# World Traveler Seat ?'s



## spandy (May 1, 2014)

Restoring a 1952 world traveler and the seat cover is falling off and torn up.  Wanting to recover it but not sure what the the original cover was.  It feels like a cloth of some sort or its just worn down vinyl not sure.  Anyone have any clue? Or if anyone has the exact seat thats cover is not falling off let me know might want to buy if thats an easier/cheaper solution.


----------



## jpromo (May 1, 2014)

I just went on a mission to find a substitute for this material--it was called Fabrikoid. I found something that had the perfect texture but it did not stretch like the old stuff did, so it's impossible to get around curves without wrinkling. Conclusion: it doesn't exist.

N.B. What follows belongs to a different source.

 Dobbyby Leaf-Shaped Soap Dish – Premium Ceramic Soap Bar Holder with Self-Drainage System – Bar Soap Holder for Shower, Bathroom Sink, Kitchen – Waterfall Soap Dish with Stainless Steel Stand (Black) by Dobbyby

I'm actually surprised they were still using this style seat come 1952; I've got a vinyl New World seat from about the same year.


----------



## spandy (May 1, 2014)

I could be wrong on the date I was using the SR# on the drop outs.  I have not yet cleaned the rear hub to find that date there.  What year was this seat common?


----------



## jpromo (May 1, 2014)

spandy said:


> I could be wrong on the date I was using the SR# on the drop outs.  I have not yet cleaned the rear hub to find that date there.  What year was this seat common?

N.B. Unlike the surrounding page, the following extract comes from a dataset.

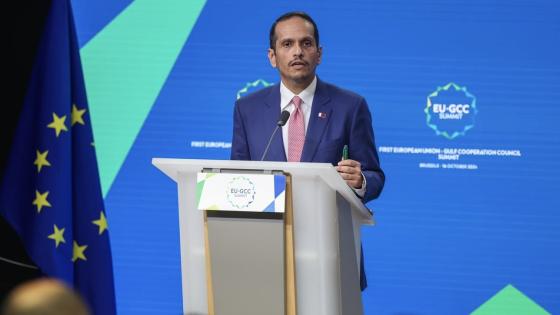 معالي الشيخ محمد بن عبدالرحمن بن جاسم آل ثاني رئيس مجلس الوزراء وزير الخارجية خلال المؤتمر الصحفي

The seat was commonplace a few years earlier, but if the serial is on the dropout, then 1952 is the earliest that the bike will be. It's likely original, I'm just surprised to see it so late. The '52 catalog appears to show the vinyl seat I'm thinking of, but an artist's rendering must be taken with a grain of salt. If you'd be interested, I can snap a picture of that seat I've got. It's not a match for what you have, but it is a correct seat for Schwinn lightweights from this time. Cheers.


----------



## SirMike1983 (May 1, 2014)

spandy said:


> Restoring a 1952 world traveler and the seat cover is falling off and torn up.  Wanting to recover it but not sure what the the original cover was.  It feels like a cloth of some sort or its just worn down vinyl not sure.  Anyone have any clue? Or if anyone has the exact seat thats cover is not falling off let me know might want to buy if thats an easier/cheaper solution.View attachment 149245




That is an artificial cover that is very difficult to duplicate. If you want to ride the bike, I'd put a new Brooks B66 on it and save the old saddle for if you ever want to display the bike as an original item. That is the transitional seat from the older, New World type Mesinger seats (1940s) and the new rubber ones from the later 1950s and 1960s.


----------



## rhenning (May 1, 2014)

I have the same seat on my 1952 I think Varsity.  The seat is about the same condition.  Roger


----------



## spandy (May 2, 2014)

jpromo said:


> The seat was commonplace a few years earlier, but if the serial is on the dropout, then 1952 is the earliest that the bike will be. It's likely original, I'm just surprised to see it so late. The '52 catalog appears to show the vinyl seat I'm thinking of, but an artist's rendering must be taken with a grain of salt. If you'd be interested, I can snap a picture of that seat I've got. It's not a match for what you have, but it is a correct seat for Schwinn lightweights from this time. Cheers.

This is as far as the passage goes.